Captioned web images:
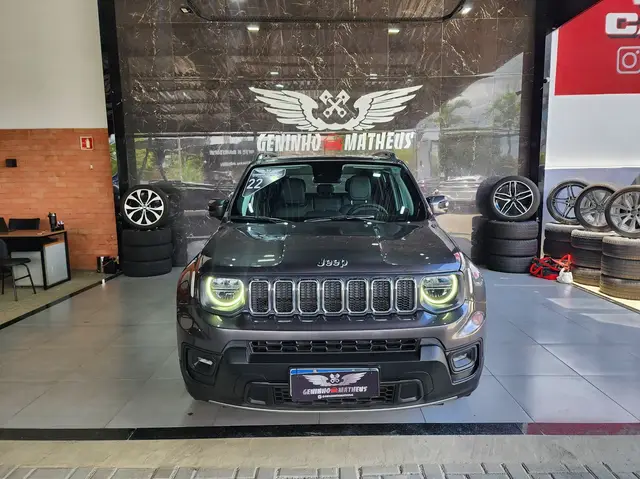 Carro Jeep Renegade 2022 Longitude 1.3 Turbo 4x2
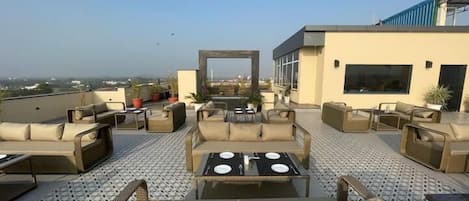 Dachterrasse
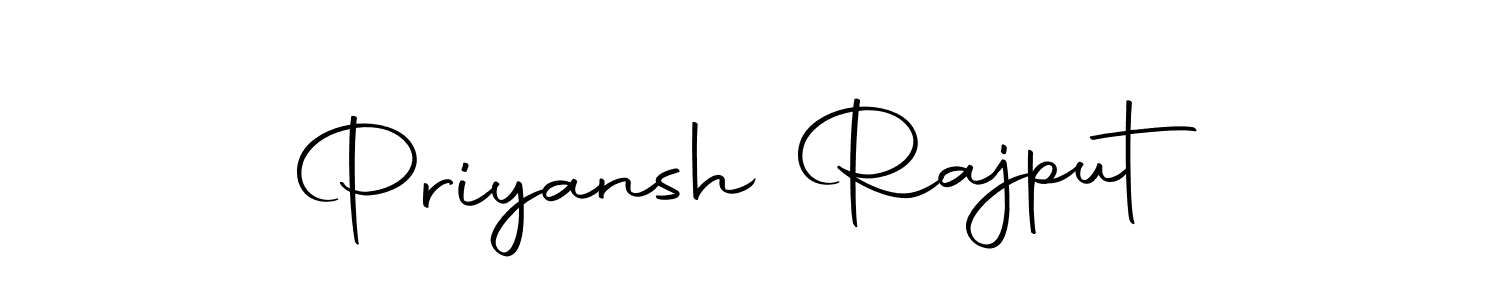 Also we have Priyansh Rajput name is the best signature style. Create professional handwritten signature collection using Autography-DOLnW autograph style. Priyansh Rajput signature style 10 images and pictures png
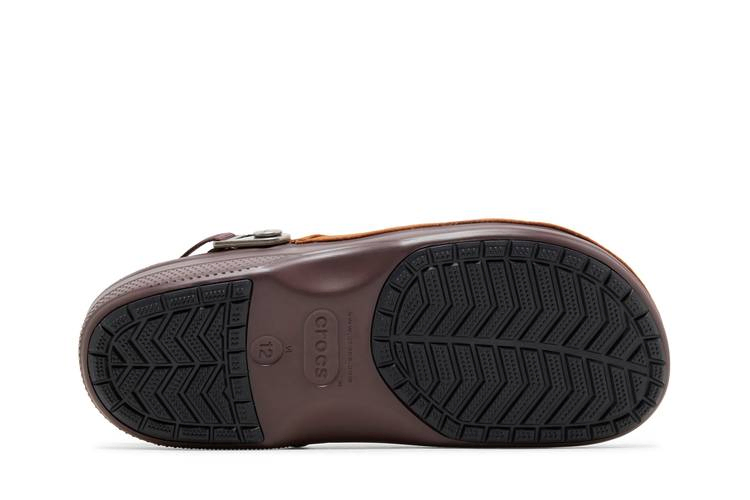 Кроссовки Crocs Museum of Peace and Quiet x Classic Clog RO 'Mocha'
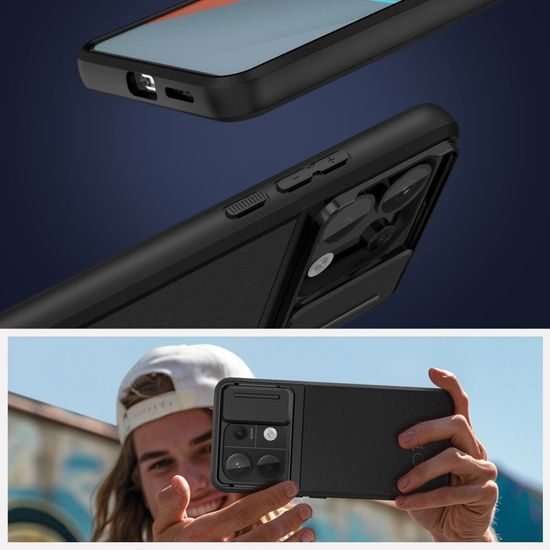 Tech-Protect Velar Cam+ Xiaomi Redmi Note 13 Pro 5G / Poco X6 5G, μαύρο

REQUIRED WORK:
Retype exactly the lines from the line containing "Кроссовки Crocs Museum" through the end of the entries above, including both ends, and leave every picture out.

PROBLEM SOLUTION:
 Кроссовки Crocs Museum of Peace and Quiet x Classic Clog RO 'Mocha'
 Tech-Protect Velar Cam+ Xiaomi Redmi Note 13 Pro 5G / Poco X6 5G, μαύρο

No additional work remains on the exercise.